Saint John had it to a very high degree of perfection. “You ask me why I baptize,” he says (Matthew 3:11; John 1:26). “I baptize you with water unto penitence; but there is one among you whom you do not recognize, who by baptizing remits sins. You want to know who I am. I tell you that I am nothing but a voice.” It is as if he meant to say: “O poor men, how greatly are you deceived in me! You think I am the messiah because I am not dressed like other men, my garment being made of camel’s hair. I do not eat bread or meat, and I sustain myself on only locusts and wild honey (Matthew 3:4) that the little bees bring me. I drink no wine. (Luke 1:15) I have no house, but live in the desert with dumb animals. I am on the River Jordan baptizing with water and preaching penitence. (Luke 3:3) Because of this you believe that I am the messiah. Now I tell you I am not he, but only the voice of him who cries in the desert.” We will continue this next Sunday. We are overtime now.
In declaring that he was only a voice, how could Saint John humble himself more? For the voice is only a breath, an exhalation into the air which produces some little sound and then disappears entirely. “You believe that I am the messiah, and I insist that I am not even a man, but only a simple voice. If you go into this desert, you will hear echoes among these rocks; and if you speak, they will answer in an utterance similar to your own. Now who among you will confuse the echo with the person? No one. Well, this is what I am and nothing more.” In this way the glorious Saint John humbled himself to the very depths of his nothingness. To the same degree that he lowers himself, God exalts him and cries aloud that he is a prophet and more than a prophet. (Matthew 11:9; Luke 1:76, 7:26, 28) Furthermore, he calls him an angel, saying: “Lo, I send my angel to prepare your way before you. (Matthew 11:10)
Surely from time immemorial divine wisdom has looked favorably upon the humble. (Psalm 112:7, 137:6) He has humbled those who exalted themselves and raised up those who humbled who humbled themselves. Our lady and mother, your glorious mistress, has sung of this in her divine canticle: He has put down the might from their thrones and exalted the humble. (Luke 1:52) Everyone who exalts himself shall be humbled. Those who wish to place their throne upon the clouds will be brought down, and the poor who lower and humble themselves shall be exalted. (1 Kings 2:3-8; Matthew 23:12; Luke 14:11, 18:14)

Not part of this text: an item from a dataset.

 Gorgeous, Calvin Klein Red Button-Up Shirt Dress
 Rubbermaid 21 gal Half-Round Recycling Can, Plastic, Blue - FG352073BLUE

There are some people so full of pride that they cannot subject themselves to anyone or suffer anyone to say what they really are. They want to be preferred to everyone, and they esteem themselves more learned and erudite than any other, and it seems to them they never need a teacher. Actually, such people are usually extremely ignorant, but no one dares to tell them that, for they suppose themselves to be veritable marvels. Oh, God humbles such as these. He leaves them and looks upon the poor and humble souls who are prostrate and have no throne but their littleness. (Psalm 112:6-7; Luke 1:48, 52) These are not offended when we tell them that they are imprudent and have no sense or judgment. They humble themselves, and God exalts and raises them up, giving them his Spirit by which they perform great things.
In short, our Lord offers Saint John to all kinds of people for their imitation. He should be the model not only of prelates and preachers, but also of religious men and women. They should consider his humility and mortification so that, in following his example, they also may be voices crying out that we should prepare the way and make straight the path of the Lord so that, receiving him in this life, we may enjoy him in the next, to which may the Father, the Son, and the Holy Spirit lead us all.